# Matthews Correlation Coefficient (MCC)
Parent: [[Biological Sequence Modelling]]
A single-number metric for binary classification that behaves well under class imbalance — which is why it is the default reporting metric in genomics and protein tasks, where positive examples are often orders of magnitude rarer than negatives.
The formula takes all four entries of the confusion matrix (true positives, true negatives, false positives, false negatives) and combines them into a Pearson-correlation-like quantity ranging from -1 to +1. A score of +1 means perfect prediction; 0 means no better than random; -1 means perfect anti-correlation with the truth.

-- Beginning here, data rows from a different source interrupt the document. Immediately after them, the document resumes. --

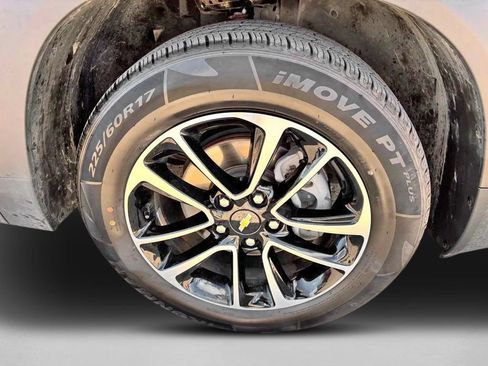 Used 2025 Chevrolet TrailBlazer LT FWD image 11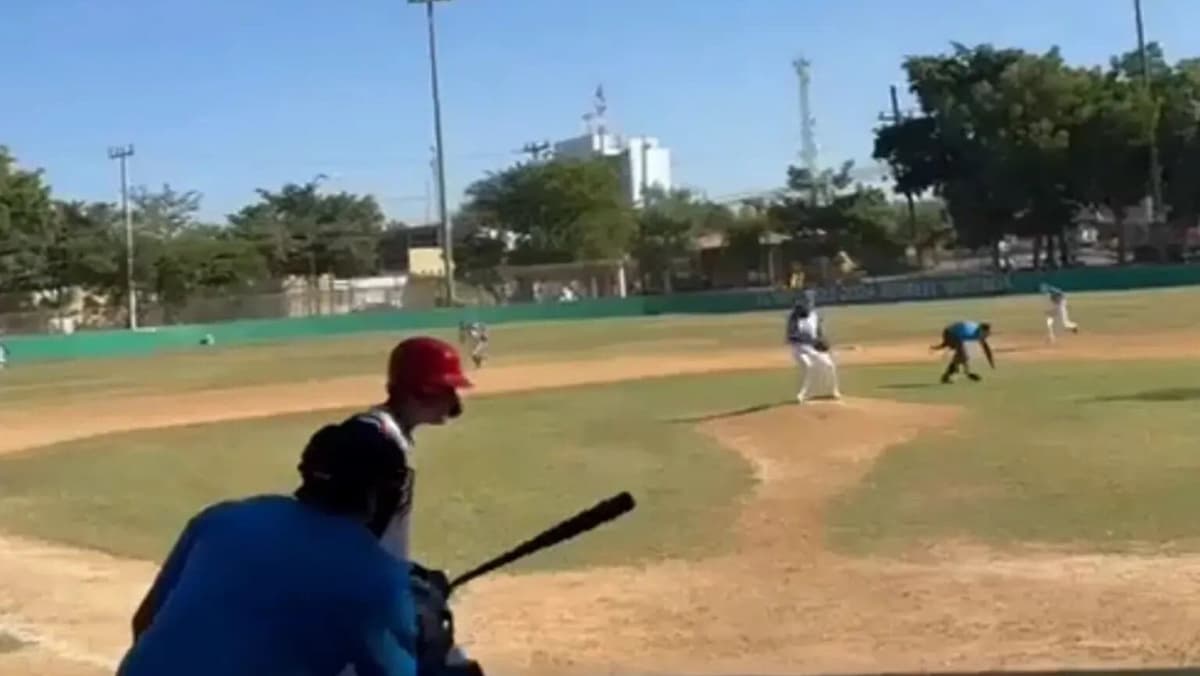 Video: Balacera causa terror durante partido de beisbol infantil en Culiacán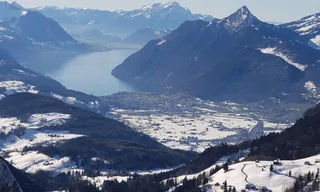 Brunnen and Lake Lucerne as seen from Chli Schijen (2019-02-17 15:10:55)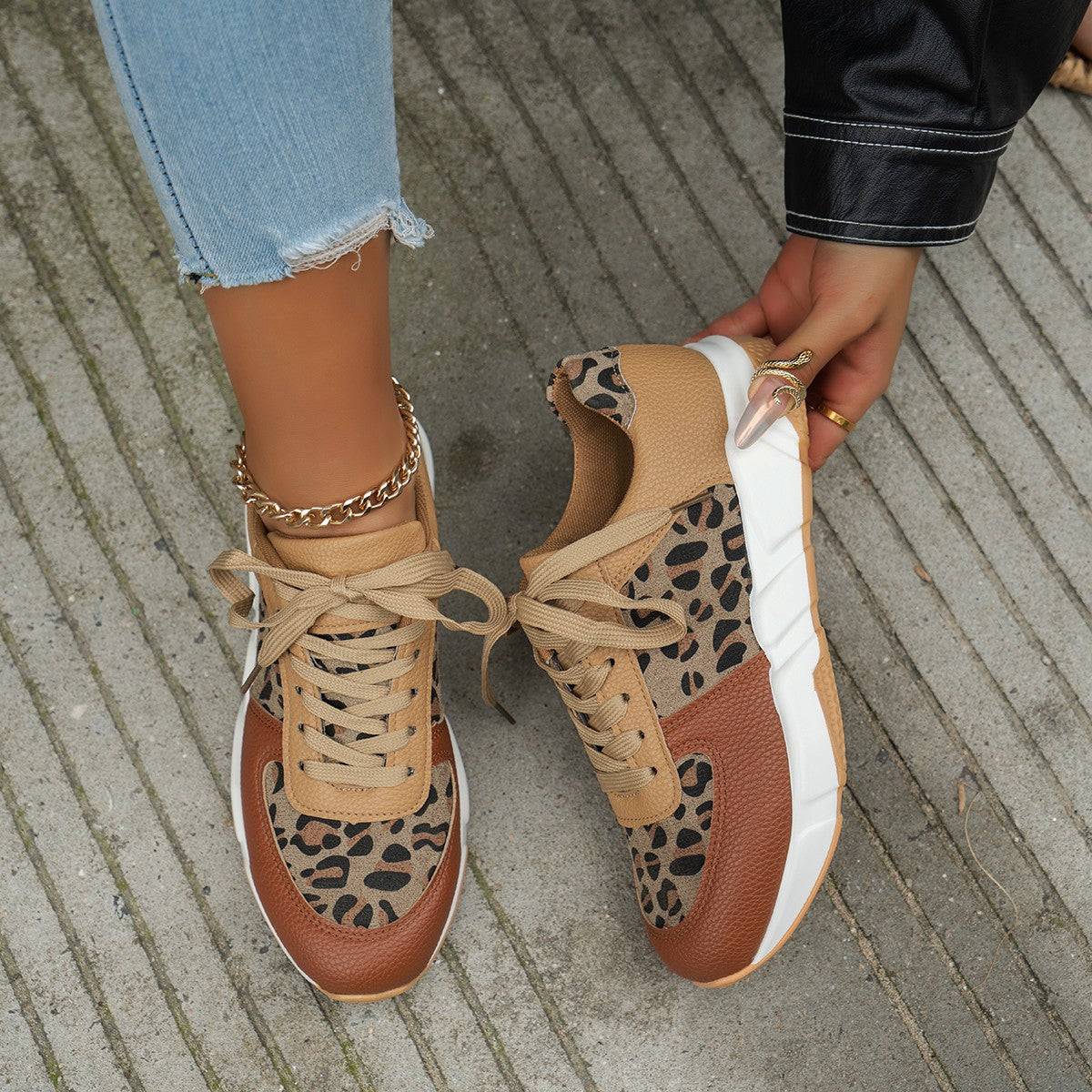 Safari – Women's Comfort Trainers - Black Leopard Print - 36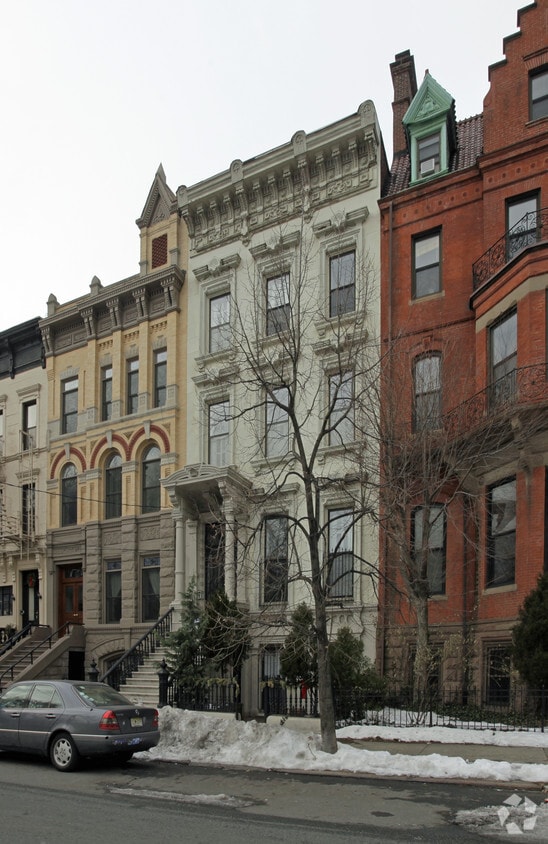 Building Photo - 465 JERSEY Ave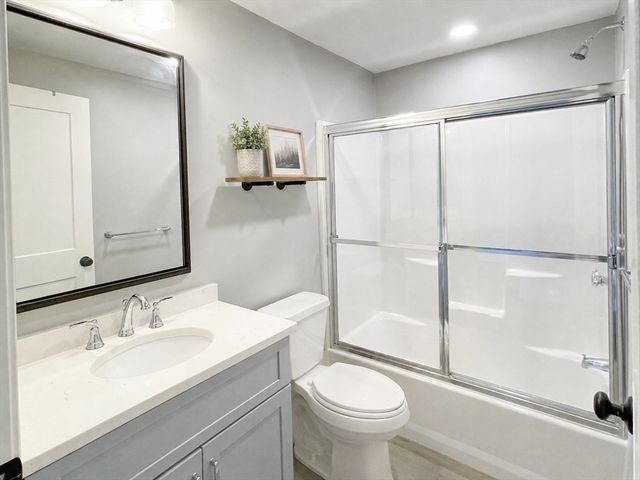 862 Washington St. 3, Norwood, MA 02062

Why it matters for biological sequence tasks: accuracy is misleading when 99% of the examples are negatives, because "always predict negative" gives 99% accuracy while being useless. F1 helps but focuses only on the positive class and ignores true negatives. MCC uses all four cells and is symmetric — swapping which class you call "positive" does not change the score.
When reading biological benchmark papers, MCC is the number to trust. A model with 95% accuracy and 0.2 MCC is a model that has memorised the majority class. A model with 80% accuracy and 0.6 MCC is doing real work. The two can coexist on the same dataset.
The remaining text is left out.